Here I disagree, from GDB testsuite experience I find more wider testing always better as it will better catch bugs even in unrelated new functionalities being implemented in the future. One can never guess all the combinations in advance - if one could then one needs no regression testing at all. There are more than enough CPU cycles available for testing. I find rather a serious problem racy==unreliable test results which waste human efforts investigating the results and with more parallel testing (make -j) and virtualized infrastructure the racy results happen even more often. As an example one racy testcase I idenitifed is:

packages/Python/lldbsuite/test/functionalities/signal/handle-segv/TestHandleSegv.py
line 33: AssertionError: 4 != 5 (eStateLaunching != eStateStopped)

I think at least these test are racy:

BreakpointAfterJoinTestCase-test
 CreateDuringStepTestCase-test_step_inst_with
 HandleSegvTestCase-test_inferior_handle_sigsegv
 ReturnValueTestCase-test_vector_values
 TestTargetSymbolsBuildidSymlink-test_target_symbols_buildid
 ThreadSpecificBreakPlusConditionTestCase-test_python
 ThreadSpecificBreakTestCase-test_python
 ThreadStateTestCase-test_process_interrupt

I'm not necessarily convinced having another column in the matrix is something that can substitute targeted testing.

If I would have done targeted testing I wouldn't have caught the breakpoint issue that came up with this patch. So I agree with jankratochvil that it is best to test this all the way by adding another row. There is no way we can guess what certain compilers will do and and all the different permutations this can cause. Not sure where ".debug_types" lands in terms of popularity, but I would guess it comes in above other DWARF flavors (dwo, dwz). Can I at least land this and then we can work on future improvements to the rows required. This is only currently enabled on linux where we tend to have fast buildbots. Darwin compilers don't support this with mach-o due to the 255 section limit that mach-o suffers from.

jankratochvil added inline comments.Apr 9 2018, 11:27 AM
source/Plugins/SymbolFile/DWARF/SymbolFileDWARF.cpp
597

I do not like this DWARFDataExtractor::m_start modification, it sort of corrupts the DataExtractor and various operations stop working then - such as DWARFDataExtractor::GetByteSize(). DWZ patch makes from current dw_offset_t a virtual (remapped) offset and introduces new physical file section offset which is looked up for data extraction. The file offset is represented as DWARFFileOffset in D40474, instead of bool m_is_dwz; there could be some enum { DEBUG_INFO, DEBUG_TYPES, DWZ_DEBUG_INFO } m_where; instead.

Is there a link to some documentation that explains what DWZ does?
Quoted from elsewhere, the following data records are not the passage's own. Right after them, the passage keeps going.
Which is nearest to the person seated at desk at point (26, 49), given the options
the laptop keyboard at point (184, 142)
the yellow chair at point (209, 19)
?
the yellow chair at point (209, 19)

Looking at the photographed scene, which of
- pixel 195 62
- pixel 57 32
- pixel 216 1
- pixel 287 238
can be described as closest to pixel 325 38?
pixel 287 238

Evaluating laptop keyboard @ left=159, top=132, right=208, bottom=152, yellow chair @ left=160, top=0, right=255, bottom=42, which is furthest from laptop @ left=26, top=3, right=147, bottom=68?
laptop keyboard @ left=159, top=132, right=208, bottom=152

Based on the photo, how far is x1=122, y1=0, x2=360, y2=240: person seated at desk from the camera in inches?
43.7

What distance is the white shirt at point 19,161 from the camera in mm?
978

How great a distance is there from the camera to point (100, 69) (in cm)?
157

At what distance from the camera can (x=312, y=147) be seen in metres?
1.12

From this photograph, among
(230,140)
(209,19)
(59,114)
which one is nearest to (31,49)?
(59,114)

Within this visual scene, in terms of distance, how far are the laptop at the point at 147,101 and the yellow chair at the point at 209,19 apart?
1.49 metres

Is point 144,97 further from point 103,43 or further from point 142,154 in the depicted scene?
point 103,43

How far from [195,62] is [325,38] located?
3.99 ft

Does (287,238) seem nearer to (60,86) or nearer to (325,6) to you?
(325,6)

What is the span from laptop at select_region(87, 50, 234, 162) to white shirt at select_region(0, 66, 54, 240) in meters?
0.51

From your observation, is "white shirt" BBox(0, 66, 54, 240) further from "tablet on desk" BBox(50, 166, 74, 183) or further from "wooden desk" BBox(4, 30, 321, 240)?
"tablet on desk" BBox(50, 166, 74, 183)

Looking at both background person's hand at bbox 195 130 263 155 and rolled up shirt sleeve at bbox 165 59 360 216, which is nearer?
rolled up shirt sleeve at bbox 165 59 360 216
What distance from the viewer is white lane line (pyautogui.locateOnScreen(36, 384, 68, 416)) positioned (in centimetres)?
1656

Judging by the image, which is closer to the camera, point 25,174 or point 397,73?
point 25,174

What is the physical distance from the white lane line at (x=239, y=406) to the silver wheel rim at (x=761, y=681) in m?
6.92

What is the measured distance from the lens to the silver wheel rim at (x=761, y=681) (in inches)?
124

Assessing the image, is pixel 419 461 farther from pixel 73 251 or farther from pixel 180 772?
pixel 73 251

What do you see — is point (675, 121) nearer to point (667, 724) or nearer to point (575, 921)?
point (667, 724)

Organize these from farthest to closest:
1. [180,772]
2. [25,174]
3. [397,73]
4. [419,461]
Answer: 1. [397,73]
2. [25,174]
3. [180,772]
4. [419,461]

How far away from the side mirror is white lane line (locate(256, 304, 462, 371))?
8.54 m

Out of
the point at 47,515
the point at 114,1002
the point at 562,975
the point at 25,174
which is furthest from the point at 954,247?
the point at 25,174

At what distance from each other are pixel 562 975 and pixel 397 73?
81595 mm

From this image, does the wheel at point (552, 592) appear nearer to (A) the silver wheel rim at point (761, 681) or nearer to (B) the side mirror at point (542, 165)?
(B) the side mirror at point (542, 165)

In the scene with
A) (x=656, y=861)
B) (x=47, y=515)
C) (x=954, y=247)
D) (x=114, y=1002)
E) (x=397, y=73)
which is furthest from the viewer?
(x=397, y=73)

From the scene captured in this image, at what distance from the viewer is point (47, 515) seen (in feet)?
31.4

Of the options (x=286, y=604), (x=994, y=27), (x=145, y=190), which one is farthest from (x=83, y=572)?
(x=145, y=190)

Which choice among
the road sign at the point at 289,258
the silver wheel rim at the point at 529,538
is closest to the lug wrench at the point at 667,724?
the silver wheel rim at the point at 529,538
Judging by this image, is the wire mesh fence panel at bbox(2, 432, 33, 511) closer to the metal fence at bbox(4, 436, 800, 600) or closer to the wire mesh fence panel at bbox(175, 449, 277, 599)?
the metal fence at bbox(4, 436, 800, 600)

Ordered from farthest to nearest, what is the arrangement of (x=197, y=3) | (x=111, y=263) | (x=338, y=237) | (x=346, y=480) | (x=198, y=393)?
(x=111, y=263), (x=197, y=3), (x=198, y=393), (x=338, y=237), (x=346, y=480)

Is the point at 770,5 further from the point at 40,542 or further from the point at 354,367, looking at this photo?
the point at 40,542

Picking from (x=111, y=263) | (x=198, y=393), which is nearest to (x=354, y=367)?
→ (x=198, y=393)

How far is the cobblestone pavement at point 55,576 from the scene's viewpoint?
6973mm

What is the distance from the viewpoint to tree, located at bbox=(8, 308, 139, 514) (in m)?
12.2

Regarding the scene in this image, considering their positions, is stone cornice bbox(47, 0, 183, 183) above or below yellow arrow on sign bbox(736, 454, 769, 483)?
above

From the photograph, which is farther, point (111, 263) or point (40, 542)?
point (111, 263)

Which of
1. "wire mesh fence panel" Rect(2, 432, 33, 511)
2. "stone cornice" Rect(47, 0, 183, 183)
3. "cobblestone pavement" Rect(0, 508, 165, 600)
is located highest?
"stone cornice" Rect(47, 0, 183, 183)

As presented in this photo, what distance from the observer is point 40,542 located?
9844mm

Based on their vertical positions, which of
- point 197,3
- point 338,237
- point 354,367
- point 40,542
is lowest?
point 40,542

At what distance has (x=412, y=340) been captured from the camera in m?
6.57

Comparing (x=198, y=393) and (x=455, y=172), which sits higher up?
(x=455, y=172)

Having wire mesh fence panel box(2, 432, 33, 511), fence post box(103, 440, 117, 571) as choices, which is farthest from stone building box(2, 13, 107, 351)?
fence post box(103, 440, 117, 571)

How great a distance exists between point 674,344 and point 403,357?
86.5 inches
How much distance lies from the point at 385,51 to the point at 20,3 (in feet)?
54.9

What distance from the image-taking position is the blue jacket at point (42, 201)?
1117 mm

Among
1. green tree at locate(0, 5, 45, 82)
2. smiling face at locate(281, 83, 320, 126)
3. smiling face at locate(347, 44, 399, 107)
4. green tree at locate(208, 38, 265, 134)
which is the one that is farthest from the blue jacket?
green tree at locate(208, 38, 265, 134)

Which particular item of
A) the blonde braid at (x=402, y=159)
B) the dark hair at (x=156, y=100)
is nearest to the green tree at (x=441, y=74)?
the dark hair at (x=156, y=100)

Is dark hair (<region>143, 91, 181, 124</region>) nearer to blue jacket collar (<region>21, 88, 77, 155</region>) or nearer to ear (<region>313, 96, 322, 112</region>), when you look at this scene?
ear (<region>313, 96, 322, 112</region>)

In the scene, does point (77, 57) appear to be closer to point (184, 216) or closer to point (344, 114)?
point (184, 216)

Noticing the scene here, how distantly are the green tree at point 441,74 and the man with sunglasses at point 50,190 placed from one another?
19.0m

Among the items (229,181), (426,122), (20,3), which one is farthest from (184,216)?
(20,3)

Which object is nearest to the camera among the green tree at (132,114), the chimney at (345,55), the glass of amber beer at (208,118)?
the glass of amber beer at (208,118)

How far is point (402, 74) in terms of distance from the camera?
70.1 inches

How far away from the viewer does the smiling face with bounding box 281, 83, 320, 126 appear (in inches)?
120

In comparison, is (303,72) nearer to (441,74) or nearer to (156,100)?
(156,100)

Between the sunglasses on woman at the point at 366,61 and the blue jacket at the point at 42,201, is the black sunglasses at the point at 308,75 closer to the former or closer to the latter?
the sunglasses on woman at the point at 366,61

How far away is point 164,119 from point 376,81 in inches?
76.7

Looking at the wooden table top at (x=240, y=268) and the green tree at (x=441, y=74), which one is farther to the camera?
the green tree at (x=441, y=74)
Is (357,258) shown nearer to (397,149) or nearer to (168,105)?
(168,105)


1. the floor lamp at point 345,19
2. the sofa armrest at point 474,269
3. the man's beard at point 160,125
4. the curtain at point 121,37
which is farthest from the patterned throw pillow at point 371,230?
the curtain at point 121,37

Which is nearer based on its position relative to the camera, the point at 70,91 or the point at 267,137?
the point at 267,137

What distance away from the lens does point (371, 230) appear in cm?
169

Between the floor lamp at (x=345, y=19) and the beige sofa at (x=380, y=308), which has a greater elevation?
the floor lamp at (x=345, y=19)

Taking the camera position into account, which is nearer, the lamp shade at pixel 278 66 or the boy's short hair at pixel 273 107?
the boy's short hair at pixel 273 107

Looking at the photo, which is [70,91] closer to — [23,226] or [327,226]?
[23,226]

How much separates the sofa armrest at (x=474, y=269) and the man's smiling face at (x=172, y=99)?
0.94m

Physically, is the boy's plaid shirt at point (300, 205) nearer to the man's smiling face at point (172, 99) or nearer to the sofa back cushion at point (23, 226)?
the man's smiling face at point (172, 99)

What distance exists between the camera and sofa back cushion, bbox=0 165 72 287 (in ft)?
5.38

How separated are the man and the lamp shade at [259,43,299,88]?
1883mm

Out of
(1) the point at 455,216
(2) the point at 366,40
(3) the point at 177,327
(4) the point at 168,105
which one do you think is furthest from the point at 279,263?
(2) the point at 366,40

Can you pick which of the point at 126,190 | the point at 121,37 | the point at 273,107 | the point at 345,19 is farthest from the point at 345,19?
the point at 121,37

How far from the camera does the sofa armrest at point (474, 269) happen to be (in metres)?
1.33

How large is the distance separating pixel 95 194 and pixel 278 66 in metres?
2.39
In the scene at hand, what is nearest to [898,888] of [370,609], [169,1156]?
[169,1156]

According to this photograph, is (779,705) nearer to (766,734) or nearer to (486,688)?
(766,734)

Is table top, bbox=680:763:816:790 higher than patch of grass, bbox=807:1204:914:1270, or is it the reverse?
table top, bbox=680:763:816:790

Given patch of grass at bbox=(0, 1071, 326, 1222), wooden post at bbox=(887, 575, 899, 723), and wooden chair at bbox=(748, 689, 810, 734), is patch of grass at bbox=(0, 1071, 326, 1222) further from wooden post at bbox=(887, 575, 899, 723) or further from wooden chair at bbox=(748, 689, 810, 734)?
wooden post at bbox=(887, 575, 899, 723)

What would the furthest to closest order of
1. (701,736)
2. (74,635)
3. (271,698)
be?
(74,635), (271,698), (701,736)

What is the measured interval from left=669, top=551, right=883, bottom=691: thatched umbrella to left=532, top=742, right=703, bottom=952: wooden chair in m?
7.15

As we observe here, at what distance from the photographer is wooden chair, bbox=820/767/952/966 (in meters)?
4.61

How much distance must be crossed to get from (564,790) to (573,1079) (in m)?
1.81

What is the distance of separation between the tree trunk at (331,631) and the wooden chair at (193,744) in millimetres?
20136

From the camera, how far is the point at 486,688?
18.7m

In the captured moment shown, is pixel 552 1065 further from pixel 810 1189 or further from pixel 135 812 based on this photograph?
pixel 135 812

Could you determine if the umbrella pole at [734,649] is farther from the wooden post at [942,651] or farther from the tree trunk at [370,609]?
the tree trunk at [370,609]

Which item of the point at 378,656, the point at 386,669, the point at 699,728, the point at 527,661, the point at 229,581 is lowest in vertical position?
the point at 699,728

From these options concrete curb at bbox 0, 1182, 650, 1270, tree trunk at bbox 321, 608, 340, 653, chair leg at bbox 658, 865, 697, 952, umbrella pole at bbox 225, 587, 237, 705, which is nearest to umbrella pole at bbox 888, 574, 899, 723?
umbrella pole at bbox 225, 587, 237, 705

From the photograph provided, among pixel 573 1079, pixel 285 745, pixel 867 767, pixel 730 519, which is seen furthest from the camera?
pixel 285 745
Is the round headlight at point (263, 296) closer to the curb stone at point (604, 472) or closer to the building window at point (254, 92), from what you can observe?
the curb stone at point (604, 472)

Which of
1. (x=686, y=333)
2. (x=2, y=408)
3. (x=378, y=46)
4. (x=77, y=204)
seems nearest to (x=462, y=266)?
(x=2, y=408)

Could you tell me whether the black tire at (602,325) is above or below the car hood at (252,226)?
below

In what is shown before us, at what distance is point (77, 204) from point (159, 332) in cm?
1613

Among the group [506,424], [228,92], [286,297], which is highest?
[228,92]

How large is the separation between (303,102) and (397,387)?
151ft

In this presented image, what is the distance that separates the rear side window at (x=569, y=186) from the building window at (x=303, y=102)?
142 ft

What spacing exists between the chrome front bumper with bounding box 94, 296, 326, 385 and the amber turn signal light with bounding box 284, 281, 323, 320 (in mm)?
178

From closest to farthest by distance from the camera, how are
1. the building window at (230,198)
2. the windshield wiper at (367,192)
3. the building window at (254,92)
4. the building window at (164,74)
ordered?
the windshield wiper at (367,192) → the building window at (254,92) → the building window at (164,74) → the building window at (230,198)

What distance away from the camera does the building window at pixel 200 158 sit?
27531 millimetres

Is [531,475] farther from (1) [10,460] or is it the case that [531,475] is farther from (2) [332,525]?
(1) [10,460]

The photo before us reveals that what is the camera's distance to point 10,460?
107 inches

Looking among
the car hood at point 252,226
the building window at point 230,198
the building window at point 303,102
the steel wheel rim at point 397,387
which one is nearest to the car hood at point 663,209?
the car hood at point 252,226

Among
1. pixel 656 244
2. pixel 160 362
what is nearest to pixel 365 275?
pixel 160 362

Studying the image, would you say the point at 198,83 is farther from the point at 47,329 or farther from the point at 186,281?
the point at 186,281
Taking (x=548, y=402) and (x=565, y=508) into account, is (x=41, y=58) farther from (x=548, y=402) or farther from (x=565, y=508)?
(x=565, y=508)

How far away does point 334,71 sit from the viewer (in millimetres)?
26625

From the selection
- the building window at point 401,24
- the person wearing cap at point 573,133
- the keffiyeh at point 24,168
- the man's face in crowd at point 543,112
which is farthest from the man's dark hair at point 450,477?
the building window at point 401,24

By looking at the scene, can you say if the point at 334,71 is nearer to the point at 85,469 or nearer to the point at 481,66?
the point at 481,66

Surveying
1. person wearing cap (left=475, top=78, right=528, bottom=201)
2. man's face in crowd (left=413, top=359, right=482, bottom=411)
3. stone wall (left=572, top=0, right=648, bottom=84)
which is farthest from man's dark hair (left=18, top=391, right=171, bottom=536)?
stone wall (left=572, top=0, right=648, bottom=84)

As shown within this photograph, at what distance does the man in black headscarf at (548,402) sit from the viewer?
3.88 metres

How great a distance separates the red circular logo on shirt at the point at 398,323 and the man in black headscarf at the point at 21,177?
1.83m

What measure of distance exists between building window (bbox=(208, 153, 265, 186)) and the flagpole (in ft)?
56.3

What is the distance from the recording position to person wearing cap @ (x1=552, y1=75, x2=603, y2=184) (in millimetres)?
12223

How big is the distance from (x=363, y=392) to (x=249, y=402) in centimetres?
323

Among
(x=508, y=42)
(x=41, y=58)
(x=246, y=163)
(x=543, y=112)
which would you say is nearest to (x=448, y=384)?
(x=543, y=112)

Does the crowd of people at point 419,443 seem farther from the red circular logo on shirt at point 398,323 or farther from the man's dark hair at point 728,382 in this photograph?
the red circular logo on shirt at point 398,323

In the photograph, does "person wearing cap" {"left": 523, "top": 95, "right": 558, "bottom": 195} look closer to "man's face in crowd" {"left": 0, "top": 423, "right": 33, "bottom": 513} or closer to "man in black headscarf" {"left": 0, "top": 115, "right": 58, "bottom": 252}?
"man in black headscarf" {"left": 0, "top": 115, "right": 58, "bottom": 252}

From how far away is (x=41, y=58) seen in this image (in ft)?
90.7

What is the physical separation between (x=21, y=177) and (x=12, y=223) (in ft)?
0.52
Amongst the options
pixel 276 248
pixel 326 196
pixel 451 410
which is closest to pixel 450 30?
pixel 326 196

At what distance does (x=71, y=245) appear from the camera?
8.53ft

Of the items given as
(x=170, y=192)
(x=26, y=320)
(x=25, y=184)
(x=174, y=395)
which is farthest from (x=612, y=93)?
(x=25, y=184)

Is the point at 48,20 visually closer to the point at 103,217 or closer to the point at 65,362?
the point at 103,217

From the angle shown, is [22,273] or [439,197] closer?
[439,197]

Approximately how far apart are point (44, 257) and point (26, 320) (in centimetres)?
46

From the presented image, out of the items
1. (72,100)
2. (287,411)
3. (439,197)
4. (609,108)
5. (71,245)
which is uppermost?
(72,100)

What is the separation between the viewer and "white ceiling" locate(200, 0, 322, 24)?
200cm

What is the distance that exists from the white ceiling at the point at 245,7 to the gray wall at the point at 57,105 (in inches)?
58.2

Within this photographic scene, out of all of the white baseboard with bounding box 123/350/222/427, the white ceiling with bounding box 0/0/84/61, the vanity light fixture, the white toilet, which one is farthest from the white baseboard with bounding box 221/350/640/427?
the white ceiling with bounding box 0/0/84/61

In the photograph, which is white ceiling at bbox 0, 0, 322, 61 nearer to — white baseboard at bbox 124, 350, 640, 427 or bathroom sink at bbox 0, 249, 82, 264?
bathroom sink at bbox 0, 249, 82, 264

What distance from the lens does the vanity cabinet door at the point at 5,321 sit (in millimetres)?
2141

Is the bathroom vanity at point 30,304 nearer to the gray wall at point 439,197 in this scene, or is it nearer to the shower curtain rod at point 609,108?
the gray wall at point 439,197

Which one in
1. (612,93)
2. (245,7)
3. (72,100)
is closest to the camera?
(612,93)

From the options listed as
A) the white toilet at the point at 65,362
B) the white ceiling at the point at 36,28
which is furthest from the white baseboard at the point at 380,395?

I found a bunch of blurbs and man pages, but nothing useful. Nothing is found when I look for "DWZ" in either the DWARF 4 or DWARF 5 spec.

source/Plugins/SymbolFile/DWARF/SymbolFileDWARF.cpp
597

This means that this diff doesn't affect all of the other DWARF code. Nothing in .debug_types will refer to anything else (not DW_FORM_ref_addr, or any external references). So this trick allows us to just treat .debug_info as if .debug_types was appended to the end since nothing in .debug_types refers to any DIE outside of its type unit. This also mirrors what will actually happen with DWARF5 when all of the data is contained inside of the .debug_info section. This allows each DIE to have a unique "ID". Any other change requires a lot of changes to the DWARF parser and logic. So I actually like this feature. We can fix the GetByteSize() if needed. Basically every object in DWARf right now must be able to make a unique 64 bit unsigned integer ID in some way that we can get back to that info and partially parse more. These are handed out as lldb::user_id_t values for types, functions and more. Each flavor of DWARF will encode what they want into here. The normal DWARF it is just the absolute offset within the .debug_info. With .debug_types we just add the size of the .debug_info to the ID. For DWARF in .o files on Darwin, we encode the compile unit index into the top 32 bits and the DIE offset into the lower, DWO does something just as DWZ will need to. DWARFFileOffset doesn't mean much if there are multiple files. We have many competing type uniquing/debug info size reduction strategies being employed here. I can't believe we have DWO, DWZ, and debug types... But we have to make them all work. We can't just use the absolute file offset because DWO used external files where the file offsets could be the same in the external .o files... Not sure how this works with DWZ or what the best option is. I will read up on DWZ so I can propose some viable options. But each new flavor of the day that gets added the DWARF parser is adding a bunch of logic and edge cases. If two technologies (DWZ + DWO, DWZ + debug_types, etc) are used together, we need to ensure they can.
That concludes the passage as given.